Nathan told me that he got to the point that he was stealing from his parents to buy the pills on the street. Its street names are Vitamin R, the R-Ball or the Smart Pill. He said he would take up to 30 pills a day by crushing them up into a fine dust and sniffing them. According to him, that is when the drug became his true “magic pill.”

There are some children who have problems that are severe enough that the drug Ritalin can be a lifesaver. It’s my opinion though that, that has very little do to with why millions of children are taking Ritalin. My opinion…compliance. Teachers and parents expecting cookie cutter, little children who do as they are told, when they are told: Sit down, sit still, shut up, and pay attention. In short Ritalin has become a cure for normal childhood behavior and parents and teachers who don’t know how to handle normalcy in our children.

Prescriptions for Ritalin have increased more than 600% in the last 10 years. In some schools more than 20% of the student population is diagnosed with either ADD or ADHD and is on Ritalin. At the going rate, more than 22 million school children will be on Ritalin by the year 2007. American school children use more than 6 times the amount of Ritalin than any other country in the world.

Here are some other interesting facts about Ritalin and its use amongst teenagers:

High school and University students are buying the drug for as little as $1 to beat the stress of final exams.

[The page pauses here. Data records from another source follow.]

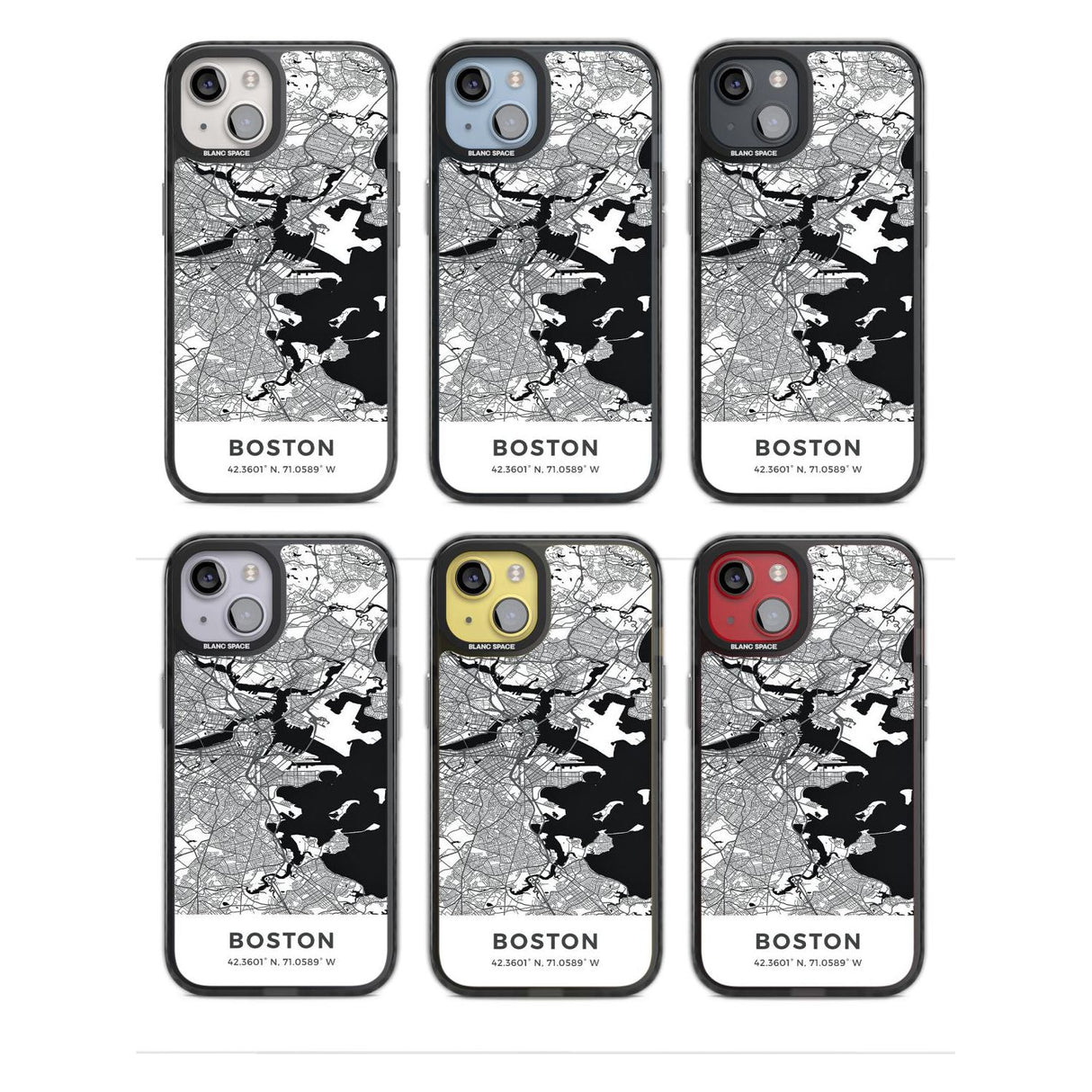 Map of Boston, Massachusetts Phone Case iPhone 15 Pro Max / Black Impact Case,iPhone 15 Plus / Black Impact Case,iPhone 15 Pro / Black Impact Case,iPhone 15 / Black Impact Case,iPhone 15 Pro Max / Impact Case,iPhone 15 Plus / Impact Case,iPhone 15 Pro / Impact Case,iPhone 15 / Impact Case,iPhone 15 Pro Max / Magsafe Black Impact Case,iPhone 15 Plus / Magsafe Black Impact Case,iPhone 15 Pro / Magsafe Black Impact Case,iPhone 15 / Magsafe Black Impact Case,iPhone 14 Pro Max / Black Impact Case,iPhone 14 Plus 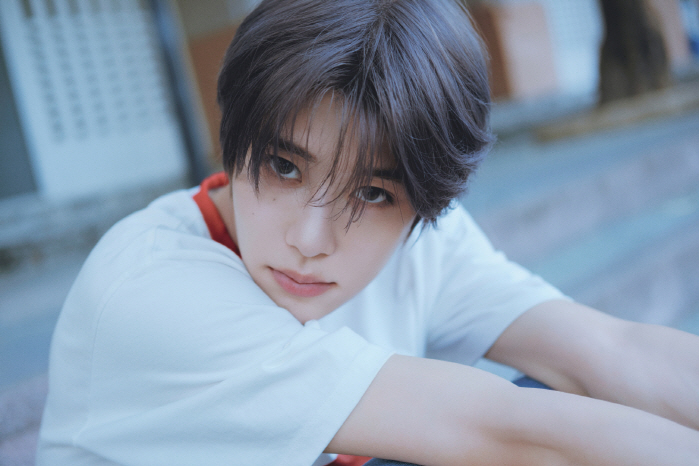 [공식]'기아 찐팬' NCT 위시, 우취 악몽 끝…드디어 시구, 갸린이 '승요'되나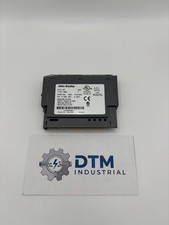 Allen Bradley 1734-OW2 Digital Output Module 2-Point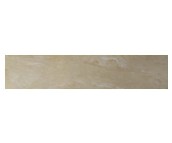 ˹ש߽ VP8312Y10 800mm100mm 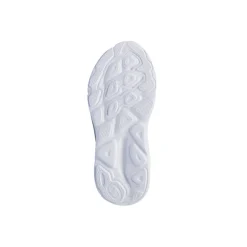 Sneakers nere e rosa da bambina con chisura a strappo Bambino Scarpe Sportive Da Bambino|Sneakers Sportive Bambina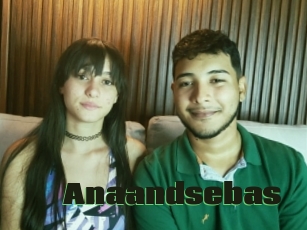 Anaandsebas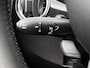 Fiat 500 1.0 Hybrid 70pk Dolcevita Finale | Apple Carplay/Android Auto | Airco | Cruise Control | 15"LMV | Glazendak |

Ritalin is being bought on the street and used by teens to stay awake during spring break trips so they don’t miss out on any of the fun.

The main supplier of Ritalin is the very students that Ritalin has been prescribed for.

For teenagers and adults the effects of Ritalin are the same as that of Cocaine, the only difference is that Ritalin is easy to buy and less expensive. It has become to poor man’s Coke.

Unprescribed us of the drug can cause aggression, anxiety and heart seizures.

Since the level of prescribing the drug has gone up, so has its availability as a
street drug.

More and more evidence is becoming available that drugging children diagnosed as hyperactive could have unexpected and very harmful, long term effects. Excessive doses of Ritalin over a long period of time, especially in children who have been misdiagnosed, can and does produce addiction. It is also possible to develop a tolerance to the drug, so that larger doses are needed to produce the original effect.

Abuse of Ritalin is not a foreign concept in this day and age, neither is the fact that it is a very addictive drug. If your child has been diagnosed with a condition that requires the use of this medication, based on the evidence of the harm that can be caused by long term use, you would be well advised to get a second or, even, a third opinion.